From Monday to Thursday a blog post will be published here daily on the themes below. You can comment (and please do!) but you’ll need to sign up to disqus (see bottom of this post for the link). This takes only a minute to do. It means that we can moderate comments if necessary. On Friday, we have a panel session (from 1-2 pm UK time) hosted on Zoom. Details of how to register will be posted shortly.

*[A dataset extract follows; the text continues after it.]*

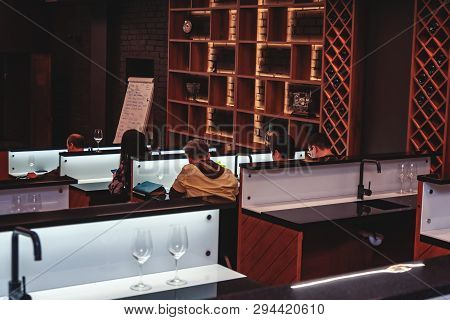 Sommelier, Cavist. Training In School Sommelier. Wine School. The Process Of Learning In School Kavi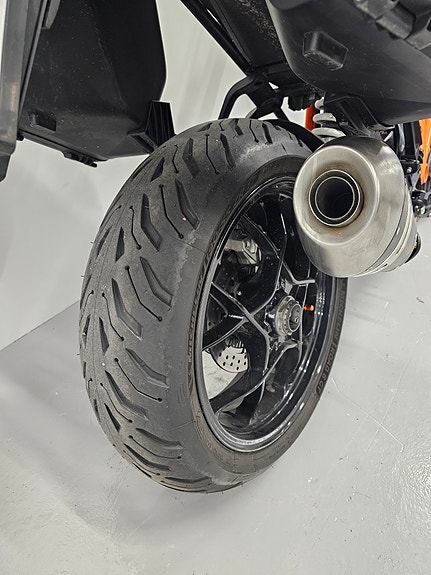 KTM 1290 Super Duke GT 5 of 9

Monday 11th of May: Precarious practitioners' perspectives from:

  • Zenna Marshall in discussion with Victoria Newton,
  • Mirena Nalbantova
  • Nadia Hards
  • Michèle le Roux
  • Tanya Fernbank

Tuesday 12th of May: UCU perspectives from:

  • Neil Allison (UCU rep & EAP practitioner)
  • Laurietta Essien (EAP practitioner)

Wednesday 13th of May: Centre Directors Perspectives from:

  • Yolanda Cerdá
  • Richard Silburn
  • Melinda Whong

Thursday 14th May: International Perspectives from:

  • Sarah von Delius (Germany)
  • Jennifer MacDonald (Canada)
  • Jessica Garska (Republic of Ireland)
  • Conor O'Reilly (Republic of Ireland)
  • Marc Jones (Japan)
  • Tamara Budlova (Russia)
  • Andrew Chung and Tess Hogue (HK)

1-2 pm Friday 15th of May: panel discussion

Invited panel members (so far, more may be added):

  • Sarah Brewer
  • Mirena Nalbantova
  • Nadia Hards
  • Michèle le Roux
  • Yolanda Cerdá

Everyone is very welcome to attend – see below for details and link to register:

You are invited to a Zoom meeting.

When: May 15, 2020 01:00 PM London

Register in advance for this meeting:

https://universityofleeds.zoom.us/meeting/register/tJwkdO-grDkuGtTE-swbjC8gyn6oMPtCJ33l

After registering, you will receive a confirmation email containing information about joining the meeting.

Finally, thank you to everyone who has agreed to participate and has given so generously despite the pandemic and despite having many other things to do.